On Saturday 14 June, we left Berlin by train for Prague, passing through Dresden and following the Elbe River through the famous tourist area called ‘Saxon Switzerland’. On arrival in the Czech capital, we spent the mild evening walking from the Old City Square to the medieval Charles Bridge, taking plenty of photographs along the way. Sunday morning, we boarded a bus for Terezin concentration camp-museum. Our tour guide Zdenek Zacpal explained to us how the fortress had been built under the Habsburgs but had never served a military purpose, as during the Austro-Prussian war, when the Prussians had simply bypassed the fortress on their way to eventual victory. We visited the vast complex where the Nazis had kept thousands of Jewish prisoners. In the afternoon, we toured what the Nazis had presented to the Red Cross: the Ghetto of Theresienstadt, a fake village-like camp intended to make official visitors believe Jews were simply relocated and could go on living a normal life under Nazi control. The Ghetto Museum exhibits the prisoners’ remarkable will of survival, recording the creativity and spirit of the inmates. The following day, we began by touring the Josefov quarter with several medieval synagogues. They serve to demonstrate the thriving Jewish culture in Prague over the centuries. When the Nazis started to persecute the Jews in the occupied territories, they assembled objects of worship and historical artifacts in Prague, intending to exhibit them in a “museum of an extinct race.” This is one of the reasons why Prague hosts a magnificent collection of Jewish heritage in Europe today. Students were also very impressed by their visit to the oldest Jewish cemetery in Europe. Famous members of the Jewish community found their final resting place here, and it remains a very spiritual site today.

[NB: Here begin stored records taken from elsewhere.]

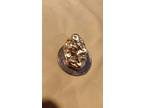 Gold Nugget with Cert See Photos 14.6 Grams Super Nice Make Offer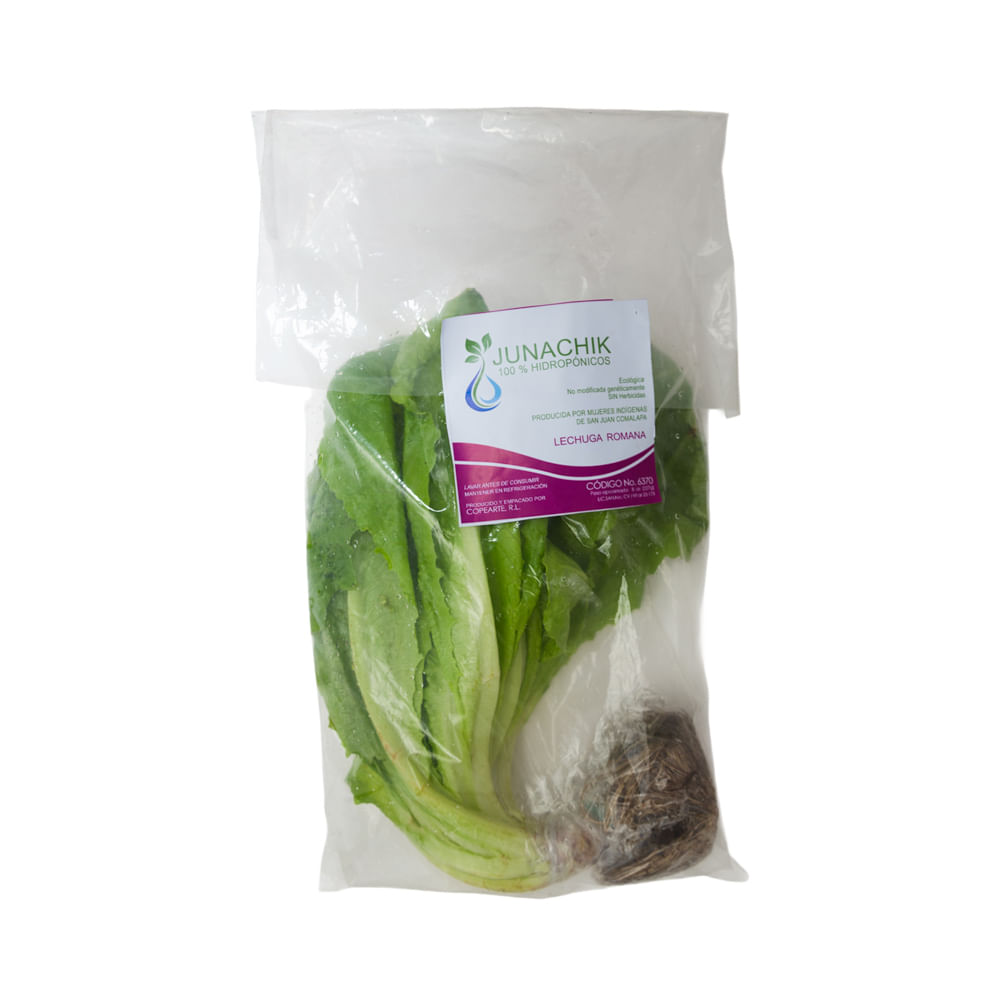 Lechuga Romana Hidropónica Junachik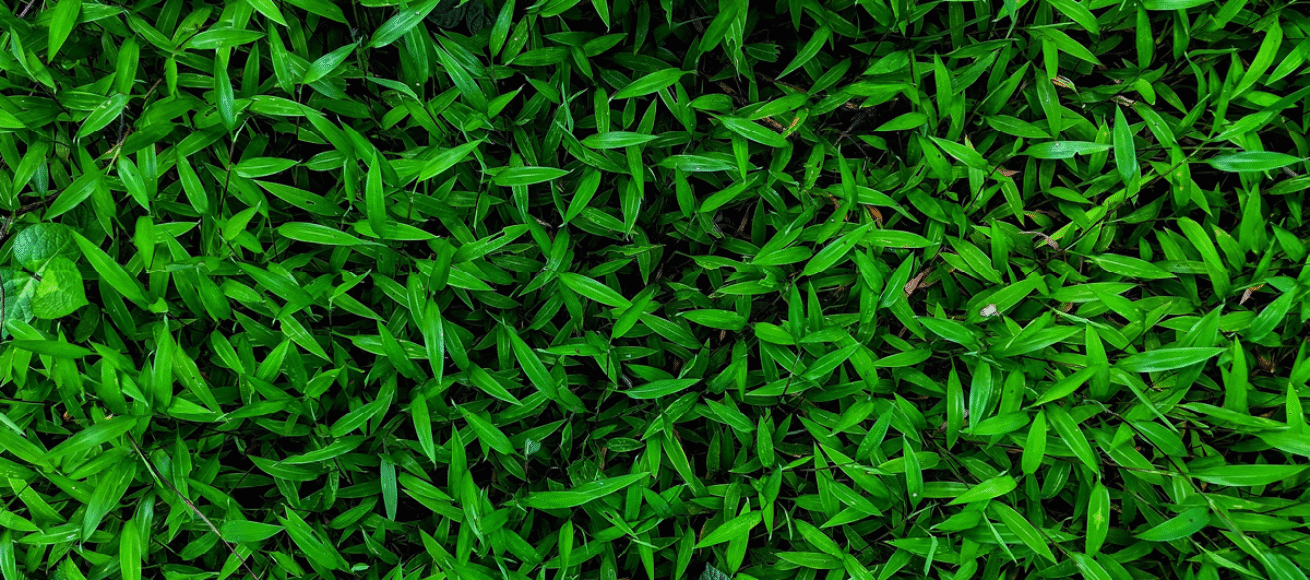 keep it green, eco friendly, events, sustainability, eco-conscious, whats on, events, zero carbon, clean up, mother earth, sustainable living, surrey, Sussex, london, june 2025, whats on, people, plant, pint, guide to surrey, guide to whats on,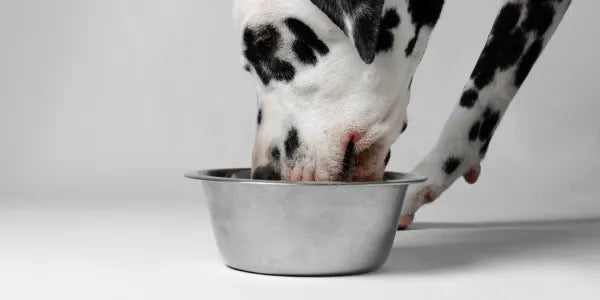 Quelle est la meilleure alimentation pour chien ?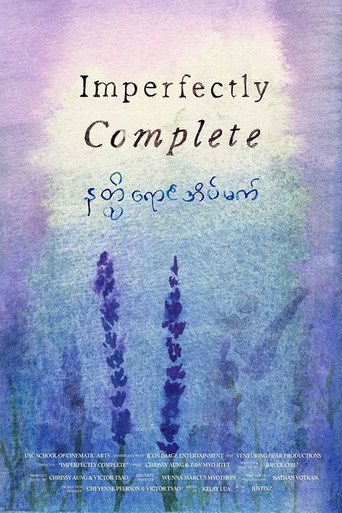 Movie poster for Imperfectly Complete (2021)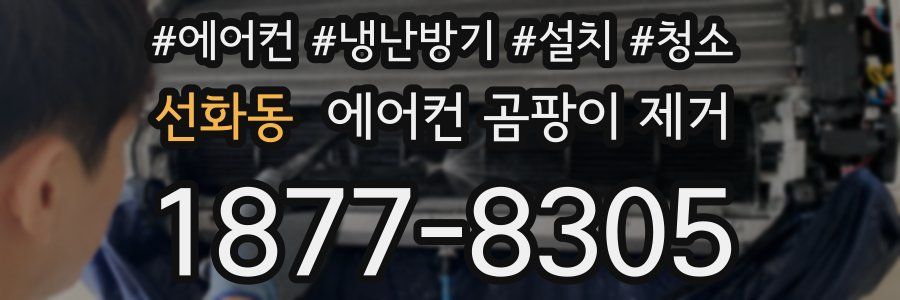 선화동 에어컨 곰팡이 제거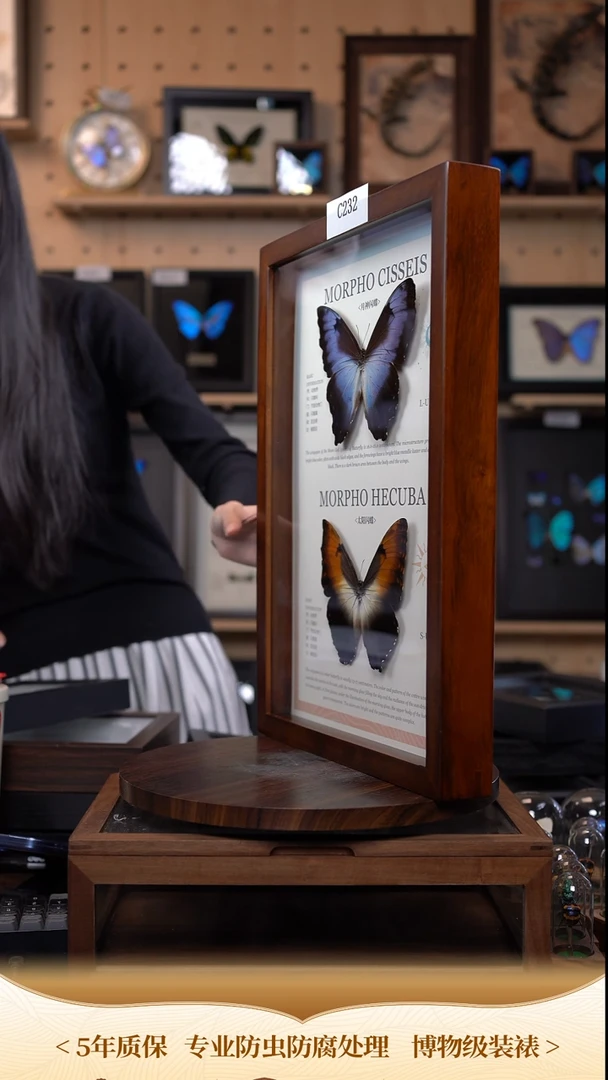蝴蝶标本摆件竞拍c232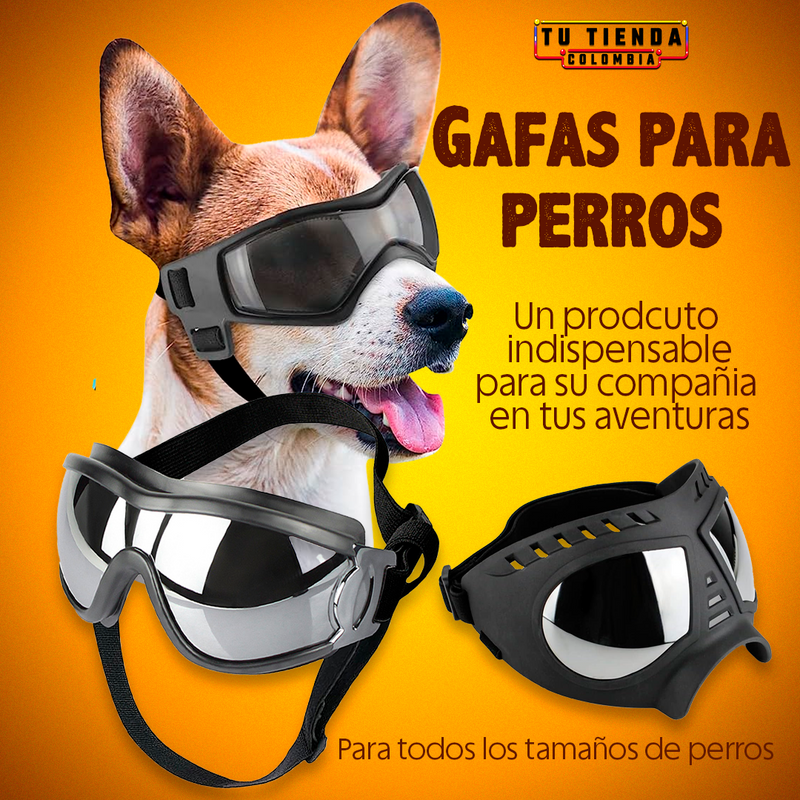 Gafas para Perros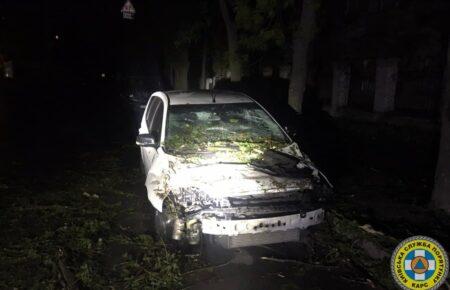 Непогода в Киеве: деревья падали на автомобили и проезжую часть (фото)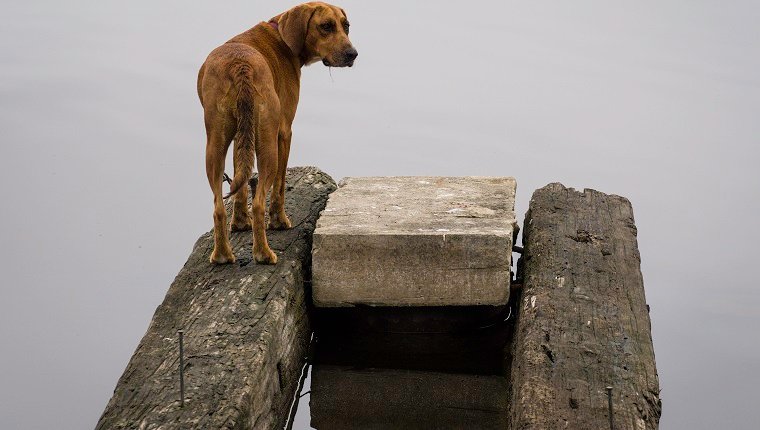 Einsamer Hund auf WatchLone Dog auf Watch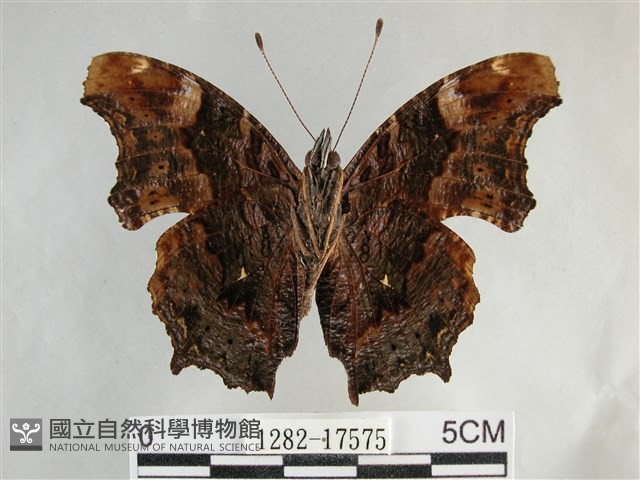琉璃蛺蝶藏品圖，第2張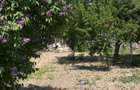 Teren intravilan Focsani - Golesti - 1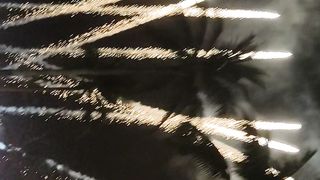 Firework 3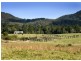 58 Upper BoBo Road, Dorrigo NSW 2453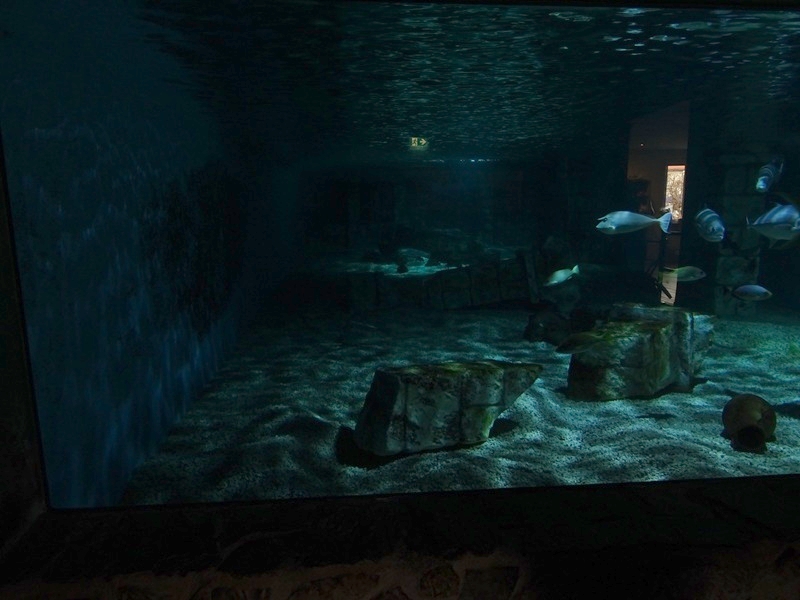 Meeresaquarium Zella-Mehlis: Sunken temple tank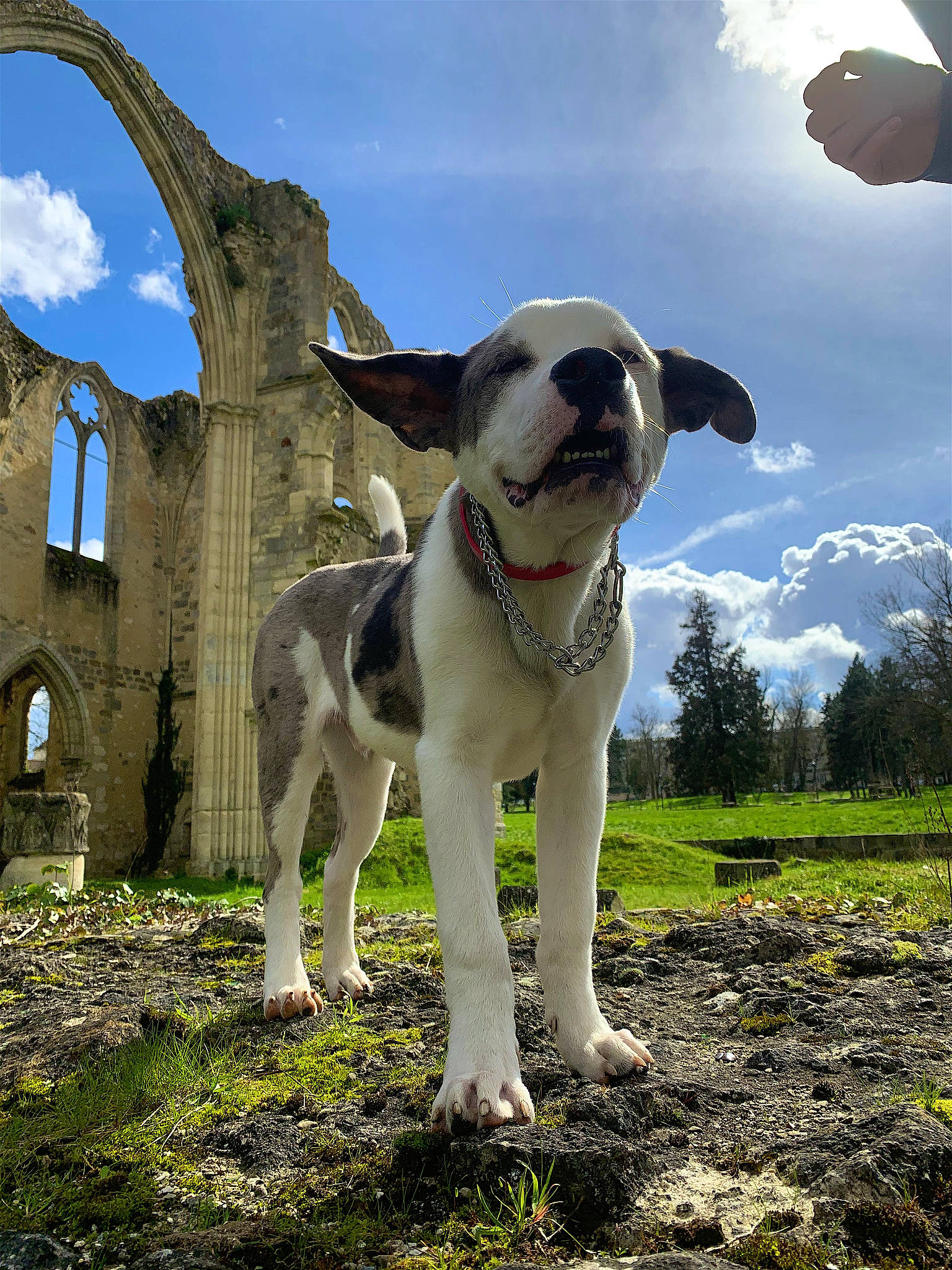 Odin participe au concours pour gagner de l'argent avec cette photo : canidae, carnivore, cloud, collar, companion_dog, dog, dog_breed, dog_collar, eyewear, fawn, grass, landscape, leash, pet_supply, plant, sky, sporting_group, sunglasses, terrier, working_animal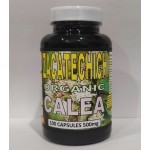 Calea Zacatechichi Mexican Dream Herb Hieba de Los suenos Leaf of God 100 Capsules/Capsulas 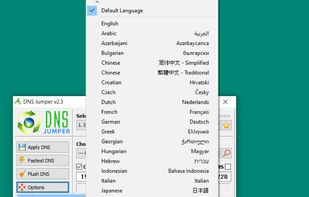 Dns Jumper screenshot 1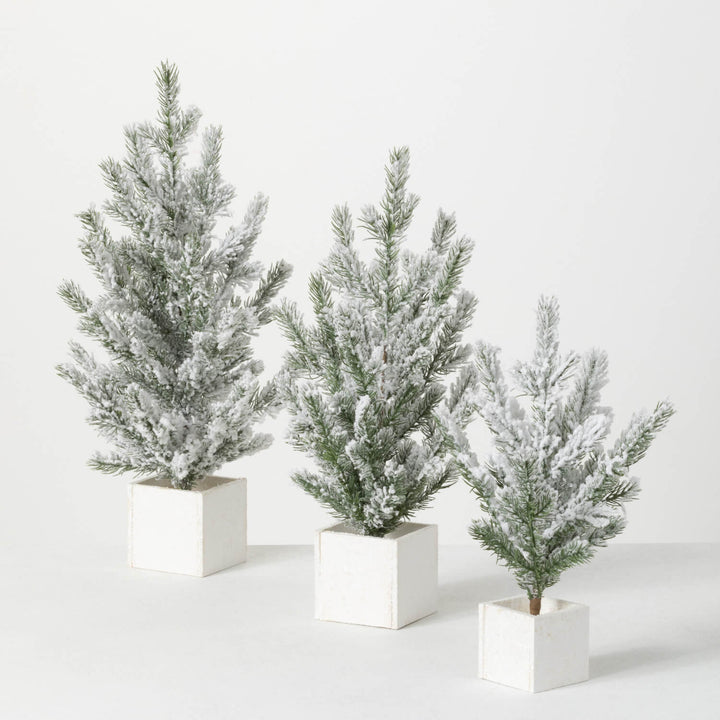 Snowy Pine Tree in White Wooden Box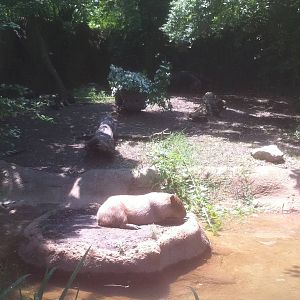 7/5/2013 - Capybara and Anteater Habitat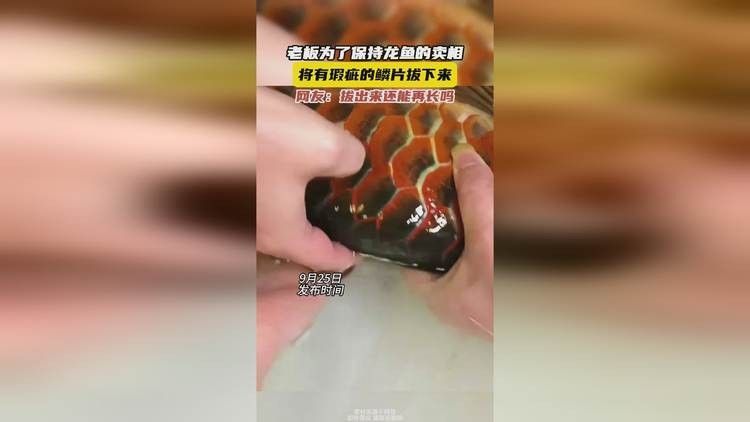 龍魚為什么要拔鱗片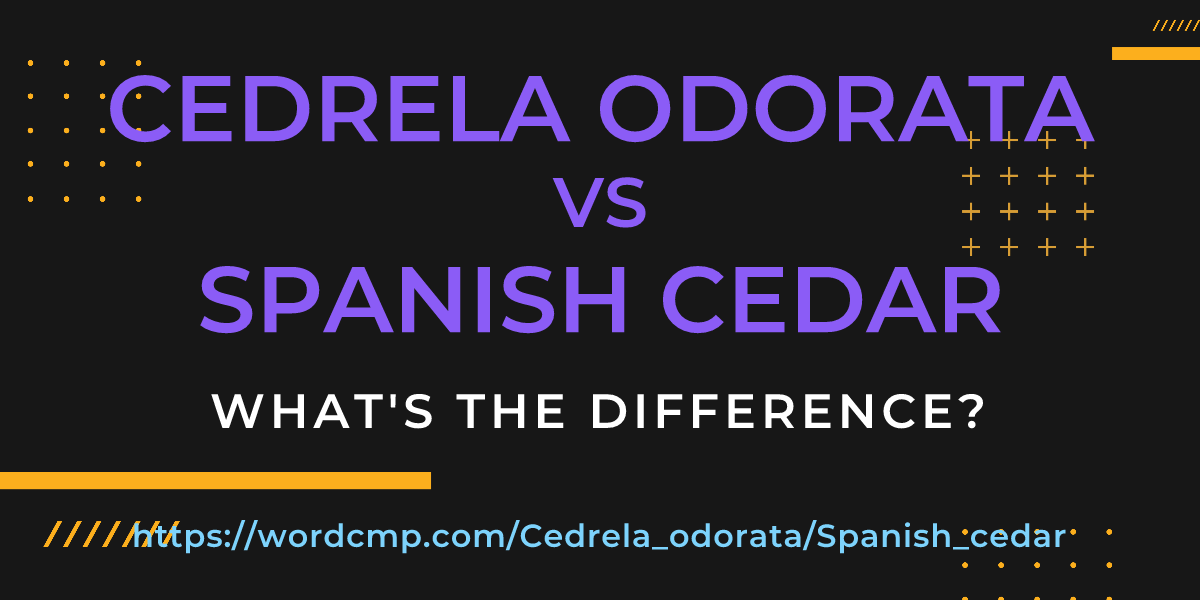 Difference between Cedrela odorata and Spanish cedar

A contact of Dr Meyer, art historian and architectural government consultant, Dr Ivan Muchka, then gave us a guided tour of the Hradcany Palace above the Vltava River. We visited the St. Vitus Church, the most significant cathedral in the Czech Republic. Apart from the religious value, the castle is the seat of the Czech President and offers great views of the city below. By coincidence, we came across a motorcade which brought French President Sarkosy to a conference at the castle. Also along the way, we were able to point out a variety of significant sites such as the Kafka and Jan Hus memorials, and Venceslas Square. We also were able to direct students to the Vysehrad Hill with the graves of composers Smetana and Dvorak and the ‘Dancing House’ by Frank Gehry along the river bank. At the Cafe Slavia, we remembered the dissident writers who gathered here for support during the time of Communist oppression.
We believe students greatly benefited from the trip, and we would like to thank every institution and private person who helped make this trip a reality. It served as a marvelous introduction into the multiple facets of European history and will surely inspire students in their future careers. Several students have already indicated their desire to write about aspects of the trip and to incorporate their impressions into their scholarly work. The photos and film footage will also assist in future courses on German and Central European history at CSUN.